Recorded information Block Start

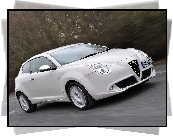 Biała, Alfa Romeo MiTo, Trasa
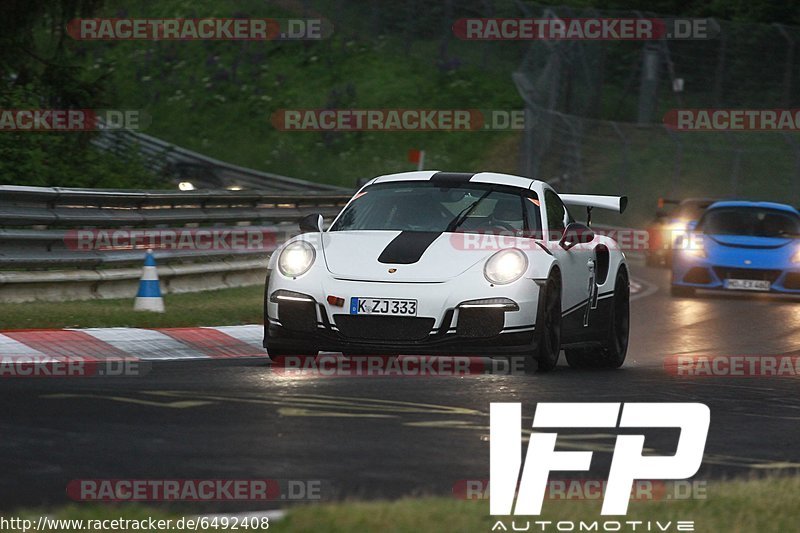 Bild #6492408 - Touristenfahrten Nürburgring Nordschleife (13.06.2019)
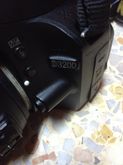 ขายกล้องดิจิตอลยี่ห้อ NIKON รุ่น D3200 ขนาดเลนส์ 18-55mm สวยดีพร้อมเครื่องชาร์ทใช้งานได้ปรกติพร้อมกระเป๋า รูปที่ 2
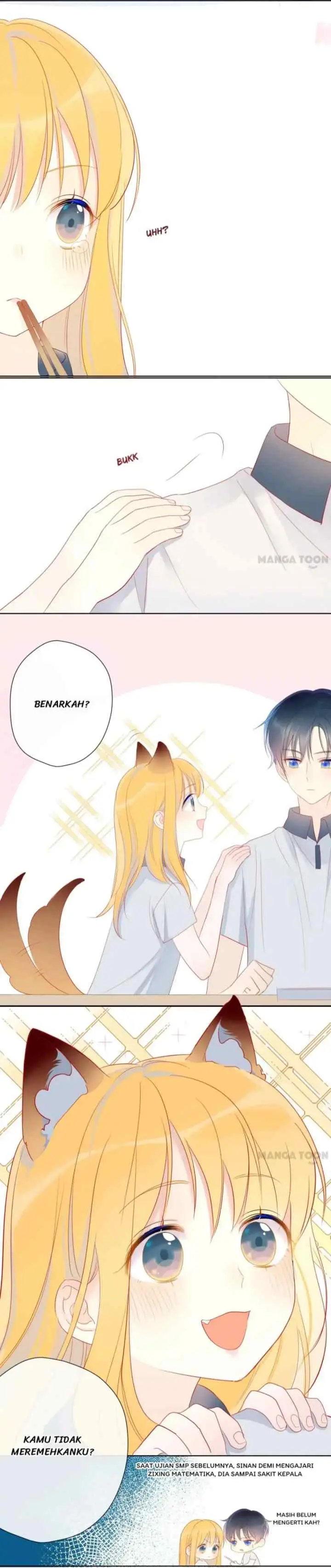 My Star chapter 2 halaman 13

Recorded information Block End

=== What is being asked ===
Copy the material shown above in full and exactly. Skip the pictures.

=== Answer section ===
 Biała, Alfa Romeo MiTo, Trasa
 Bild #6492408 - Touristenfahrten Nürburgring Nordschleife (13.06.2019)
 ขายกล้องดิจิตอลยี่ห้อ NIKON รุ่น D3200 ขนาดเลนส์ 18-55mm สวยดีพร้อมเครื่องชาร์ทใช้งานได้ปรกติพร้อมกระเป๋า รูปที่ 2
 My Star chapter 2 halaman 13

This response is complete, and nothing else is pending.